Abstract

This is the first in a set of related reports on (1) nonstable behavior of widely used ionization gauges, (2) causes of nonstability and nonreproducibility in widely used Bayard-Alpert (BA) gauges, and (3) a stable and reproducible BA gauge design with approximately a tenfold improvement in both stability of gauge calibration and reproducibility gauge-to-gauge compared to older ionization gauge designs. Thirteen widely used BA gauges and inverted magnetron gauges (IMGs) of eight different designs from five manufacturers were operated along with 29 BA gauges of a new design for thousands of hours each and periodically calibrated against a reference standard traceable to the National Institute of Standards and Technology. The older design BA gauges exhibited changes in calibration ranging from −57 to 72% relative to their initial calibration during the first 4000 h of operation and varied within this range over total operating periods of up to 14 000 h.

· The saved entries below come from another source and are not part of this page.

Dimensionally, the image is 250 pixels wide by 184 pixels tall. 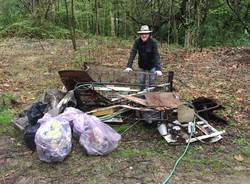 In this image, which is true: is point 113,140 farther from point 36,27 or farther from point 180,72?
point 36,27

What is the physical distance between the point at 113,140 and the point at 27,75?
470 centimetres

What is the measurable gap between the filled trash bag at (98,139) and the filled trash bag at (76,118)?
8 cm

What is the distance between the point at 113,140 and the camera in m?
5.41

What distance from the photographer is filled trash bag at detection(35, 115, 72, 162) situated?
5.06m

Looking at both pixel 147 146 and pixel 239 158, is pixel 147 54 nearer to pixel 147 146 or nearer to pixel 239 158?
pixel 147 146

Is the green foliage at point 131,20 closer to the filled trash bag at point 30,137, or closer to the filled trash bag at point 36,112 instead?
the filled trash bag at point 36,112

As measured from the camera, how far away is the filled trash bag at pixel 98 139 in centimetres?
531

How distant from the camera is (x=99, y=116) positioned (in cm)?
612

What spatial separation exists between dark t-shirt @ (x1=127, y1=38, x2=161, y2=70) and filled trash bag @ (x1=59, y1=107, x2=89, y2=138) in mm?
1870

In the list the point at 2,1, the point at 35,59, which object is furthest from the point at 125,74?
the point at 2,1

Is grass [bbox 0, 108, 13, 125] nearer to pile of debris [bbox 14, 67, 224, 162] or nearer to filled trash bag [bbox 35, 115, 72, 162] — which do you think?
pile of debris [bbox 14, 67, 224, 162]

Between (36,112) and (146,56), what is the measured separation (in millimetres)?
2385

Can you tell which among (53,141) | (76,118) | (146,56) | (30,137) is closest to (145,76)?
(146,56)

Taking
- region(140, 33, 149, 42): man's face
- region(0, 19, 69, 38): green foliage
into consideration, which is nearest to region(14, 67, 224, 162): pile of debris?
region(140, 33, 149, 42): man's face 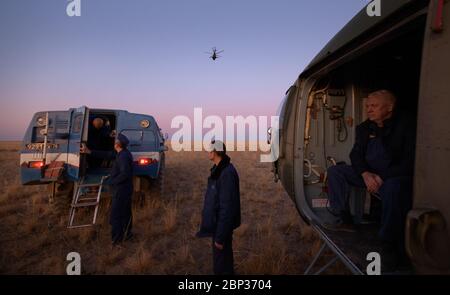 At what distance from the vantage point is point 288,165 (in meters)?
3.63

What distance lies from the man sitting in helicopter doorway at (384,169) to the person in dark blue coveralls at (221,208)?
1314 mm

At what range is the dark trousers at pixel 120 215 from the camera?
4.28 m

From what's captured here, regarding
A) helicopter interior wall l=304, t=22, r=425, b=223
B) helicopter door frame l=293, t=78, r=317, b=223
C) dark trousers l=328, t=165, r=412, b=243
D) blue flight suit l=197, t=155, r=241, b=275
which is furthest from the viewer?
helicopter interior wall l=304, t=22, r=425, b=223

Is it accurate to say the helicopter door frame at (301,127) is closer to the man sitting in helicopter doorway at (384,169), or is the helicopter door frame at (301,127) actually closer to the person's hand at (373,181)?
the man sitting in helicopter doorway at (384,169)

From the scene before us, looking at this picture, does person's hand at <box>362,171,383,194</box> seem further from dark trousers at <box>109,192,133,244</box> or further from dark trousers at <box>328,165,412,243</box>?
dark trousers at <box>109,192,133,244</box>

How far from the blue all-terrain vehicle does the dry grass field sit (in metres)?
0.58

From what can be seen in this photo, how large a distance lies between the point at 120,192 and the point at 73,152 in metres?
2.08

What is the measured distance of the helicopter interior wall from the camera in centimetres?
359

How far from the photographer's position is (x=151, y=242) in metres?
4.62

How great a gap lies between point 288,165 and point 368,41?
207 cm

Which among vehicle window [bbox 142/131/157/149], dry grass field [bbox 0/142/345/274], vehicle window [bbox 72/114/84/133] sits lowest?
dry grass field [bbox 0/142/345/274]

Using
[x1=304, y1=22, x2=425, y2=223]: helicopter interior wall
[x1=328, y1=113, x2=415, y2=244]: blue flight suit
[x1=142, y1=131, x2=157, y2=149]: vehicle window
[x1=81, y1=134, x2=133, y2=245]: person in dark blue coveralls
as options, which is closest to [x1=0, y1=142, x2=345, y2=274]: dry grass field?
[x1=81, y1=134, x2=133, y2=245]: person in dark blue coveralls

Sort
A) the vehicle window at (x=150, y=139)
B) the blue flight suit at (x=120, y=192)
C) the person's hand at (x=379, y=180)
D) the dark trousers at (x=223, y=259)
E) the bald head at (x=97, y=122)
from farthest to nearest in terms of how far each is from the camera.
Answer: the bald head at (x=97, y=122) < the vehicle window at (x=150, y=139) < the blue flight suit at (x=120, y=192) < the dark trousers at (x=223, y=259) < the person's hand at (x=379, y=180)

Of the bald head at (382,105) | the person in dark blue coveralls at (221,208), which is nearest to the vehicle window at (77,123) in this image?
the person in dark blue coveralls at (221,208) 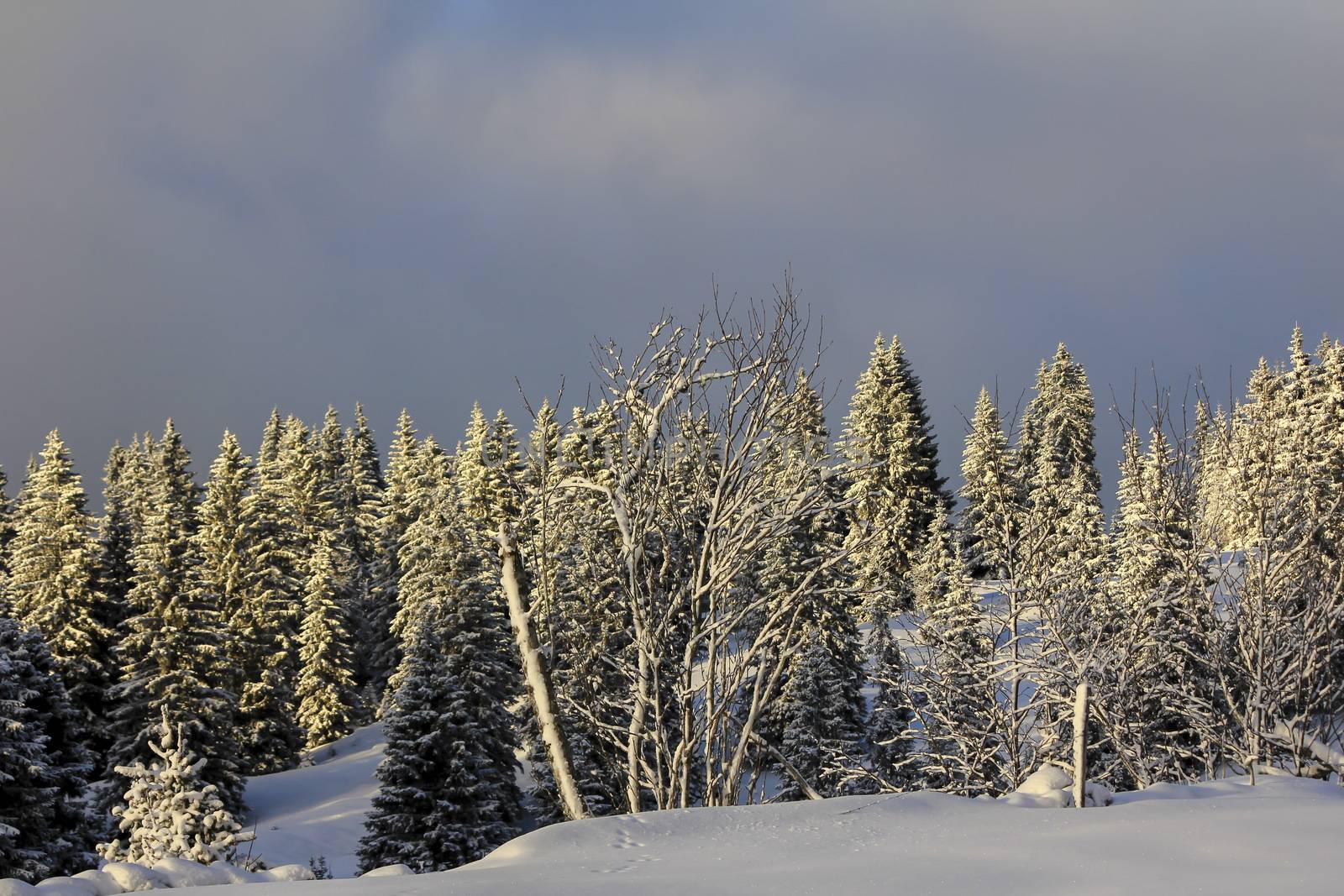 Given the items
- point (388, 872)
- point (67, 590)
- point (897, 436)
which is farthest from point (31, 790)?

The IMGs showed changes ranging from −90 to 148% relative to their initial calibration during the first 4000 h. A set of five glass BA gauges, nominally identical except for two different port diameters, differed by −20 to 32% from the average of their initial calibration values after a minimum of 48 h operation, and by −18 to 55% from their individual initial calibration values during 3500 h of operation. Because the new design gauges did not exhibit such nonstability using the same apparatus and calibration procedures and the same operating procedures except for the frequency of degas, our results demonstrate that these older design gauges significantly change calibration during long term use.